Chief product officer at Tinder Brian Norgard says: “With the addition of video, users have a new way to express themselves while also gaining key insights into the lives of potential matches. Whether it’s dancing at a concert, doing cartwheels on the beach, or clinking glasses with friends, Loops makes profiles come alive.”
He adds the company believes Tinder Loops will lead to even more matches and conversations.
Brazil’s Salvation Army uses political humour to draw donations
The Salvation Army in Brazil has launched a new campaign that aims to use political humour to drive donations.
Rather than the usual emotional, heart-tugging approach, the campaign titled ‘Unwanted Gifts’ uses colourful and exaggerated illustrations of international politicians, such as Donald Trump and Kim Jong-Un, alongside the tagline “it may not be perfect for you, but it’s perfect for us”.
As part of the campaign, print ads feature a Donald Trump figure receiving a Mexican hat and Kim Jong-Un receiving an “I Love NY” t-shirt. An accompanying video ad takes a different approach and features a family in a plaid environment exchanging plaid gifts, but the daughter receives a shocking, polka-dot shirt – perfect for a donation to the Salvation Army.
The campaign was produced by Brazilian agency WMcCann.
Tesco attempts to promote sustainability in Malaysia
Tesco is rewarding sustainable shoppers with discounts in a bid to improve Malaysian consumers’ relationships with the environment.
As part of the move, the supermarket giant has launched a recyclable shopping bag called ‘The Unforgettable Bag’ that contains a barcode that, when scanned, it gives shoppers a 20 cent discount.

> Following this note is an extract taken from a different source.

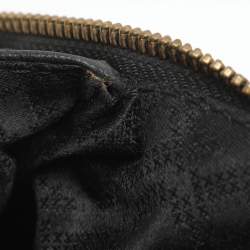 Pre Owned CH Carolina Herrera Black Quilted Leather Chain Satchel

And the bags don’t just feature a regular barcode, but instead barcodes are designed to represent endangered animals including a pilot whale and a leatherback turtle.

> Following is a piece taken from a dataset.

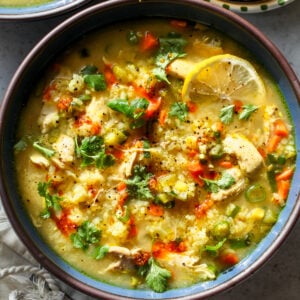 Immune-Boosting Chicken and Rice Soup
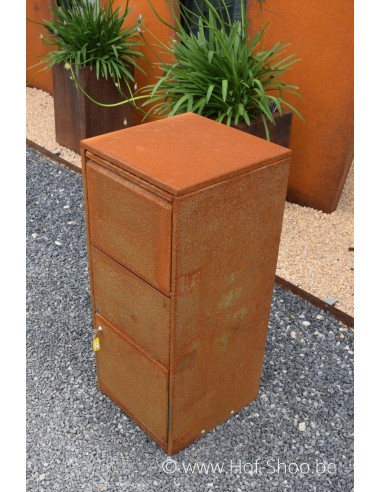Giftu - Geroba boîte à colis en acier corten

The bags were created by Grey Malaysia, while Tesco covered media and production costs.
Malaysia is often under fire for its poor environmental credentials having been blamed for a large amount of plastic making its way into the ocean.

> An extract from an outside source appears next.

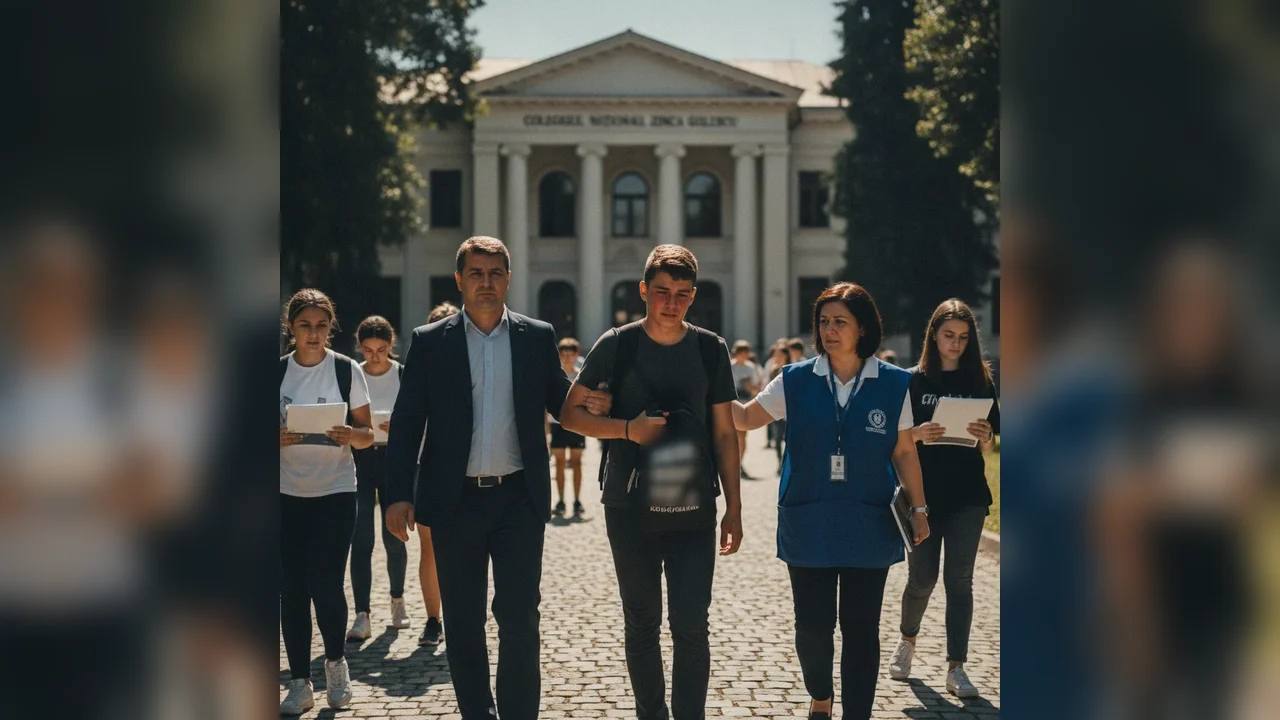 Elev eliminat de la Bacalaureat în Pitești pentru tentativă de fraudă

Target and Google trial voice-activated coupon
Target has joined forces with Google to launch a voice-activated coupon using Google Assistant. Consumers can activate the offer via Google Assistant to get $15 off their next Target order on Google Express – the company’s shopping delivery service.
It is understood shoppers simply need to say or type “spring into Target” on their Google Assistant app through a device that has built in voice-based features.
A Google spokesperson says: “Google Express customers can complete purchases hands-free through the Google Assistant, and to raise awareness for this feature, we were running a pilot with Target to help educate customers about this capability”.
The promotion was initially expected to run until 21 April, however no new codes were being issued after 3 April. It’s not yet known why the promotion was cut short.
“I can see how this benefits Google, but it’s harder to see how it benefits Target, as they have to advertise the fact of the promotion on other channels,” Pete Meyers, a data scientist at Moz, says.
New LGBTQI wedding magazine launches in Australia
More than 3,000 copies of a new wedding magazine designed for Australia’s LGBTQI community have arrived and are available across more than 920 newsagents.
Founded by Nivelo Miller, the biannual publication titled Equally Wed is run by an online wedding directory by the same name.
Miller says she decided to launch a wedding magazine for the LGBTQI community while she was browsing a news agency and noticed there were no options for this particular group. The magazine is said to also discuss legal rights and health and psychology issues relating to marriage and wedding planning.
“In terms of the health and psychology, there’s a lot of stress when you are preparing for your wedding day but if you can imagine being a transgender person for instance, preparing for a wedding day, there’s a lot more on your mind,” she says.
She added areas such as pressures from family, vendors and managing expectations will all be addressed.
According to reports, the first issue of the magazine features 20 pages of wedding planning, one engagement, three weddings and a photoshoot. The launch comes just months after the Australian government legalised same-sex marriage.